This weekend I played a card game called "You're Bluffing." It is a game where the players take turns auctioning off cards and trying to buy cards from each other with secret bids. The goal is to end up with full sets of cards from a deck with 10 different sets of 4. The game is a lot of fun and has some real strategy to it - it is clear that better players will win the vast majority of the time but there is definitely some luck involved. The strange part about the game design is that it is very predictable in the early game and there is a lot of strategy but the endgame almost always comes down to one person putting a stack of cards facedown on the table and one other person having to guess the value of the hidden cards in the stack; the result of this single guess will determine who wins the game. The trouble is that by the time the endgame arrives it is very likely that there is no useful information anyone can bring to the table in terms of making the guess and both players are basically picking numbers randomly to determine the winner of the game. Of course if you play very badly throughout the game you can be in a position where no amount of luck will give you victory at the end but it is abundantly clear that most games are decided in the closing moments and not before.

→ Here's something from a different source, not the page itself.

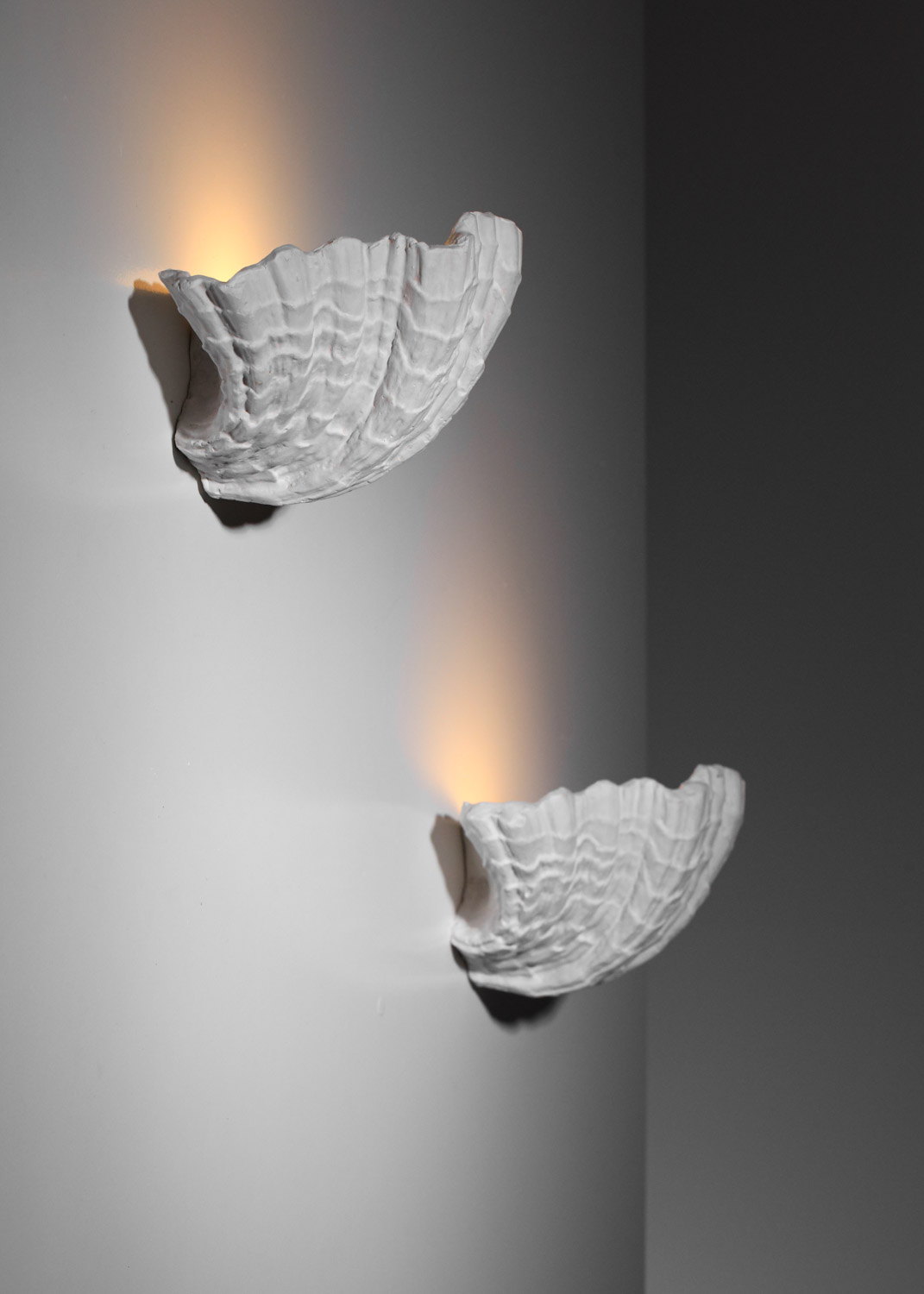 paire d'appliques en plâtre des années 40 attr serge roche - J399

This is a good thing. There is nothing worse than being in a game for the long haul where you know who is going to win but much time yet needs to be spent confirming that fact. If you are a competitive gamer who thrives on pushing the envelope of skill and strategy to claim victory it is terrible to play a game where you know you have lost in the early going. Maintaining that ray of hope for every player involved (even if for some the ray is faint indeed) keeps the game enjoyable because everyone is intent on playing well and angling for victory.
This is a terrible thing. During the game you will make dozens of tiny, tricky decisions and there is nothing worse than getting to the end of a game where you feel you played spectacularly and then are forced to make a completely uninformed guess to determine the winner of the game. Even if you are in an excellent position having outplayed your opponents for the whole game you still stand to lose it all based on a roll of the dice. This leads to people hardly caring about most of their interim decisions because they know that someone will be crowned at the end and it might well be the person who screwed up all game.
So which argument is more compelling? Of course it isn't as if everyone will agree either way but I wonder what most game players prefer. Do they like having all the decisions in the game slowly add up to inexorable success for the person playing well or do they like to keep the game wide open even to the end? Obviously most people dislike both of the extreme examples - playing a 6 player game for hours and then simply rolling a die to see who wins would feel entirely unsatisfying and playing out a game where the winner is determined halfway through and then much busywork must be completed before the game is 'done' is boring as hell. Some games (Puerto Rico, for example) solve this by keeping the scores private so even though the game is completely decided the players don't yet know it. This allows people to be involved right to the end even if they have no chance... though as playskill increases it becomes harder to obfuscate the scores like this.
What do you think? Is it better for a game to remain an open question right to the end or is it better for it to be more deterministic from actions that took place well before the denouement?